▶ **Work required**: Given the records below, would you repeat exactly the lines that begin at the one containing "Imagen 6 Inmueble" and end at the one containing "8741 Beckys Ridge Drive", inclusive?

▶ **Input for this task**:
Segment Open

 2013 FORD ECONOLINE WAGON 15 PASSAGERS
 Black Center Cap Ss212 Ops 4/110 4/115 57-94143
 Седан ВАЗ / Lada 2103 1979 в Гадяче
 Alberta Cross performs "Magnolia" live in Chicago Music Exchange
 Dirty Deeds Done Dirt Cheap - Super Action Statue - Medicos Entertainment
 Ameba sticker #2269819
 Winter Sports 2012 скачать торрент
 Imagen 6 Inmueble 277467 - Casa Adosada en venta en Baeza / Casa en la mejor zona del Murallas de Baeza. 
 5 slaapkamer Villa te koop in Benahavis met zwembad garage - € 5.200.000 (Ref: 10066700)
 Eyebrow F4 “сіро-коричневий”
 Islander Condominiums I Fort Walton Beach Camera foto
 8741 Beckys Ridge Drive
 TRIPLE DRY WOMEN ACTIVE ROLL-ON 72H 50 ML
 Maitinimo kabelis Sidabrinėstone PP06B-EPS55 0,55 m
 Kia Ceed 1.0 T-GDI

Segment Closed

▶ **Output below**:
 Imagen 6 Inmueble 277467 - Casa Adosada en venta en Baeza / Casa en la mejor zona del Murallas de Baeza. 
 5 slaapkamer Villa te koop in Benahavis met zwembad garage - € 5.200.000 (Ref: 10066700)
 Eyebrow F4 “сіро-коричневий”
 Islander Condominiums I Fort Walton Beach Camera foto
 8741 Beckys Ridge Drive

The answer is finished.